Mittwoch, 26. März 2008

Manchmal handelt Gott erst wenn ich aufgebe...

Seit der zehnten Klasse war Horst mein allerbester Freund. Wir hatten den selben Musikgeschmack, die selbe Vorliebe für lange Haare, Experimente mit Drogen und die selbe Abneigung gegen das Establishment, Schlager, Volks- und Popmusik.
Wir hingen jeden Tag zusammen, hörten Musik, rauchten Haschisch warfen manchmal einen LSD-Trip und gingen gemeinsam auf Konzerte.
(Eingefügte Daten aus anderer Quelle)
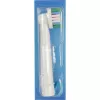 Oral-B Pro 3D White náhradné hlavice kefiek, 12 ks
Als sich Horst und Regina, seine damalige Freundin zu Jesus bekehrten, dauerte es nicht lange, bis Sylvia und ich uns auch bekehrten. - Horst war immer schon der Anführer und Vorreiter von Allem gewesen. So auch jetzt.
Allerdings nahm sein Leben kurze Zeit danach eine Wendung, die ich nicht mitmachen wollte: Er fing eine Beziehung zu einer verheirateten Frau an und rutschte kurz darauf in eine Heroinsucht ab.
Wir beteten als Hauskreis damals wie die Weltmeister für ihn, daß er wieder Vernunft annehmen würde und zu Jesus und unserer Gemeinde zurückkäme.
Wir besuchten ihn als Hauskreis in seiner Wohnung und redeten mit Engelszungen auf ihn ein - doch die Sucht war viel stärker als unser Bemühen.
Dann hatten wir als Hauskreis eine ganz besondere Gebetszeit für ihn. Wir beteten sehr ausdauernd, intensiv und von ganzem Herzen. Plötzlich empfing ich in meinem Herzen eine starke, übernatürliche Gewissheit, daß Gott unser Gebet erhört hatte und das Horst wieder zum Herrn zurückkommen würde. Ich war sehr glücklich und erleichtert. In der Folgezeit erzählte ich jedem, daß Horst sich ganz bestimmt bald bekehren würde und von dem Teufelszeug Heroin loskäme. Ich war mir dessen völlig sicher.
In den folgenden Jahren beteten wir immer wieder für Horst, der einmal sogar für sich beten ließ und versuchte zu hause einen kalten Entzug zu machen. Doch die Entzugserscheinungen waren ihm zu unerträglich. Unter einem Vorwand stahl er sich aus dem Haus und ging wieder auf die Drogenscene.
Zu der einen Sucht kamen noch die Süchte nach verschiedenen Medikamenten und Alkohol hinzu und Horst fing an zu stehlen und zu lügen, daß sich die Balken bogen.
Man muss entweder mit guten Lügen von anderen Geld erschwindeln, Drogen verkaufen oder sonstwie kriminell werden um solche Süchte finanzieren zu können.
Nach zehn Jahren voller Glaubensbemühungen und ständigen Einladungen in unsere mittlerweile neue Gemeinde war ich so Enttäuscht und desillusioniert, daß ich jede Hoffnung auf seine Rettung aufgegeben hatte und nur noch erwartete, seinen Namen eines Tages in den Todesanzeigen zu finden. Einmal las ich ihn dort sogar und erschrak fürchterlich, stellte aber fest, daß das Geburtsjahr nicht stimmte. Er hat einen sehr geläufigen Nachnamen.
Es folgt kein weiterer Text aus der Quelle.